Estudo conclui que consumo moderado de cafeína diminui tempo de sono

Papa Goiaba / Foter.com / CC BY-NC-SA

A ingestão de uma dose moderada de cafeína não altera o dispêndio energético de homens fisicamente ativos, mas diminui o seu tempo de sono”, são duas das conclusões do estudo realizado por uma equipa de investigação do Laboratório de Exercício e Saúde da Faculdade de Motricidade Humana, Universidade Técnica de Lisboa, conduzido pela investigadora Analiza Silva.

O Laboratório de Exercício e Saúde da Faculdade de Motricidade Humana, da Universidade Técnica de Lisboa, alcançou, recentemente, um lugar de destaque na comunidade científica internacional, com um contributo original analisando o efeito da cafeína no dispêndio energético e no tempo de sono de homens fisicamente ativos.

Publicado na revista Applied Physiology, Nutrition, and Metabolism, este documento científico incluiu uma amostra de homens saudáveis com idades compreendidas entre os 20 e os 39 anos e fisicamente ativos, não habituados a ingerir cafeína (com um nível de consumo inferior a um café por dia). O número de horas de sono e perfil de actividade física foi controlado através de sensores do movimento combinados com monitorização da frequência cardíaca diária ao longo dos 11 dias.

Até à data, a maioria das investigações conduzidas em contexto laboratorial, num período máximo de 24 horas sugere que a cafeína aumenta o metabolismo energético. Contudo, nenhum estudo avaliou o efeito da cafeína em condições de vida diária e em períodos mais longos.
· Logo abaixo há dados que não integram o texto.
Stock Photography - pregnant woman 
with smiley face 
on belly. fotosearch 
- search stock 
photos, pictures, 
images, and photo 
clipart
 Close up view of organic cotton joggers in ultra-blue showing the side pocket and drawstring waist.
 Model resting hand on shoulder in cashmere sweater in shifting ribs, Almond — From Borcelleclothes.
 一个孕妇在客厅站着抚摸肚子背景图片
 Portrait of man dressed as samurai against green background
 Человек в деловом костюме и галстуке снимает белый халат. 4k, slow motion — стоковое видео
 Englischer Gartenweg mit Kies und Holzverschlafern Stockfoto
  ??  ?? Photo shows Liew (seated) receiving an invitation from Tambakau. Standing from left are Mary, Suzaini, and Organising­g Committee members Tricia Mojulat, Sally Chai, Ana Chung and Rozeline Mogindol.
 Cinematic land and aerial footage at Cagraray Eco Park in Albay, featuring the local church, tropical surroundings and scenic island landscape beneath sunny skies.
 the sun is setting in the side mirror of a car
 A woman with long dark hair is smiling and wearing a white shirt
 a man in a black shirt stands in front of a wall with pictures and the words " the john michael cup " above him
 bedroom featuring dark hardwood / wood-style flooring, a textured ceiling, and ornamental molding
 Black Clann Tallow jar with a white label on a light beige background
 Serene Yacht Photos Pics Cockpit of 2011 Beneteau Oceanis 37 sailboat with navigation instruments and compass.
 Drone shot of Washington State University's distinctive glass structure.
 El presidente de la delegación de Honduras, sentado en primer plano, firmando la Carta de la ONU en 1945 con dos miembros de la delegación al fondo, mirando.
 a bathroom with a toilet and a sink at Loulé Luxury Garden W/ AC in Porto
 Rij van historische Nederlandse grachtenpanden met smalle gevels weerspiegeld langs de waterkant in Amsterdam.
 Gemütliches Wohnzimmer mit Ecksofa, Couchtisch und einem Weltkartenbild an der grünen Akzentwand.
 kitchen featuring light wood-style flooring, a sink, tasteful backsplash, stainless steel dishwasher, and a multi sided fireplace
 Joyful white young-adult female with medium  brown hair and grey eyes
A presente investigação, utilizando métodos de trabalho inovadores e técnicas de referência, constituiu-se como a primeira, neste âmbito, a avaliar o impacto de uma dose moderada de cafeína no metabolismo de repouso, dispêndio energético total e em atividade física, durante 4 dias, no decorrer do estilo de vida normal.

Outro ponto forte deste estudo recai sobre o desenho experimental tratando-se de um ensaio clínico controlado, aleatorizado e duplamente cego. O grupo de 30 pessoas fez uma avaliação inicial e, de forma aleatória, recebeu cafeína (dose semelhante à de 5 cafés) durante 4 dias ou placebo, com um período de 3 dias de intervalo entre toma. Esta distribuição aleatória foi igualmente desconhecida para os investigadores e amostra pelo que se conseguiu uma total imparcialidade nos resultados obtidos. O sistema de organização do estudo de 4 dias mais 3 permitiu ainda que cada substância tenha sido ingerida e avaliada durante os mesmos dias da semana, reduzindo a variabilidade dos fatores externos e aumentando a fiabilidade dos resultados.

Contrariamente à expectativa, uma dose moderada de cafeína não teve influência no metabolismo de repouso e no dispêndio energético total e em atividade física, incluindo a intensidade e a duração das várias atividades da vida diária. Este foi o primeiro estudo que acompanhou os participantes por um período de tempo mais longo, em condições de vida real, o que torna a investigação mais válida do ponto de vista ecológico. Foi ainda documentado que uma dose moderada de cafeína (5 cafés), em pessoas sem consumo habitual desta substância pode provocar uma diminuição do período de sono em cerca de 45 minutos.